Ask HN: Would you join a listed company calling itself a “startup” and high risk? - BishoyDemian
I&#x27;m offered a CTO position in a listed company that calls itself a startup. They are yet to release their product and operating on a loss for the past 2 years while spending investor money.
There is a high risk since they are running out of cash and their burn rate is high.
Asking the obvious. but I&#x27;m interested in different perspectives.
======
brudgers
Sometimes it makes sense to ignore the red flags with full knowledge that you
are ignoring them, i.e. if there are other significant reasons for pursuing a
new job that the job with all those red flags solves. Othertimes, aka
'usually', it makes sense to heed the red flags because there are red flags
that you'll miss because you've yet to experience them.

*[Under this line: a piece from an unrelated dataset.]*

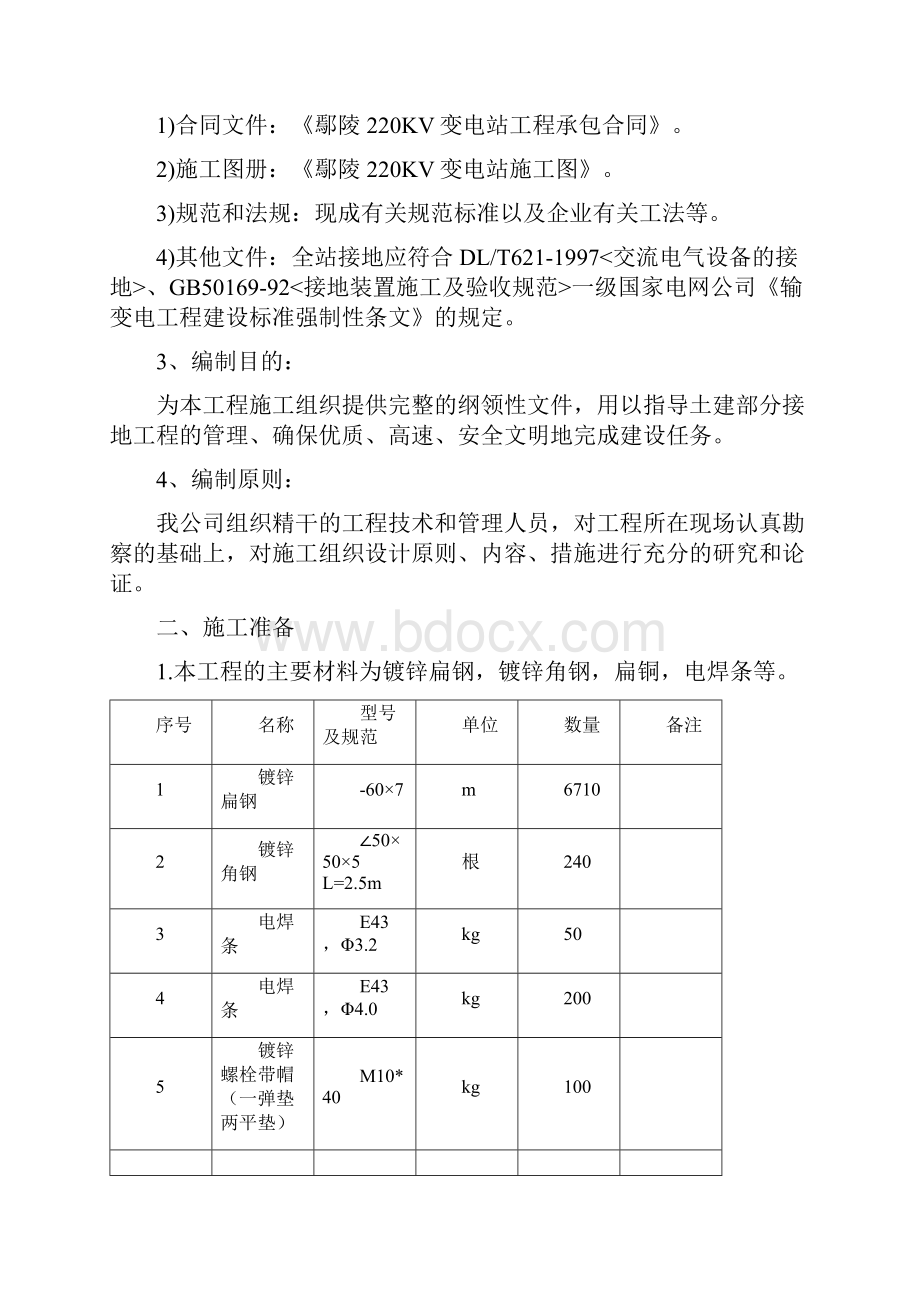 接地施工方案.docx_第2页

In this case, I think it's worth unpacking the term 'startup'. In most of the
world, 'startup' has become a sexy synonym for 'new business' and new
restaurants are startups and a fellow with a lawn mower and a pickup truck and
a trailer is running a lawn care startup...because of the success of startups
from Silicon Valley, 'startup' is sexy.

And Silicon Valley is where the other meaning of 'startup' is common. There a
startup is a company that is designed to grow fast and organized to receive
venture capital and either succeed or fail within the timelines of Venture
Capital investors and according to how Venture Capital Investors define
success. They define success as valuations in the 100's of millions of
dollars.

This means that startups in the Silicon Valley sense usually burn through
money in pursuit of growth and usually don't achieve the growth and die and
that's pretty much accepted and acceptable by Venture Capital Investors.
Startups in the 'rest of the world sense' are not expected to grow-or-fail.
They are expected to return reasonable profits over a sustained period and
that's what investors in those companies expect.

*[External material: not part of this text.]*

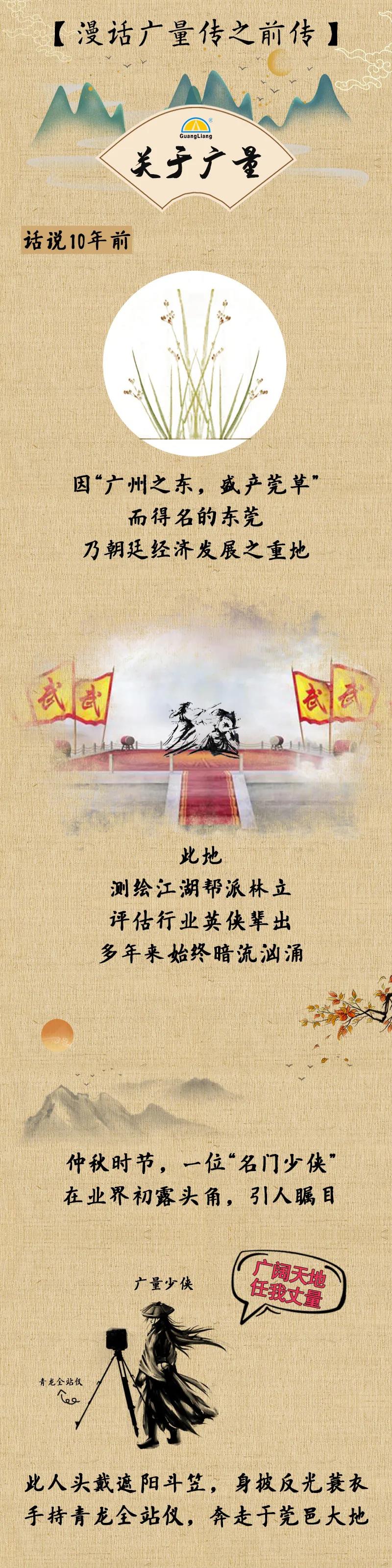 微信图片_20210712085714.jpg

This means that taking a job at any startup in the Silicon Valley sense should
be accompanied with a healthy expectation that the company will run out of
money and fail because that's just what happens and with the hope that the
company will hit it big and the equity won't be worthless and that's mostly a
matter of luck (there's a well respected HN'er who sold their Sun stock and
spent it on a Camero not long before Sun went public and the stock would have
been worth many times more).

The question I'd ask myself looking into this type of situation is 'What
happened to the previous CTO and if there wasn't one, why the hell not?"

Good luck.

------
zoobab
Been there, done that.

You should replace the CFO by a monthly spreadsheet.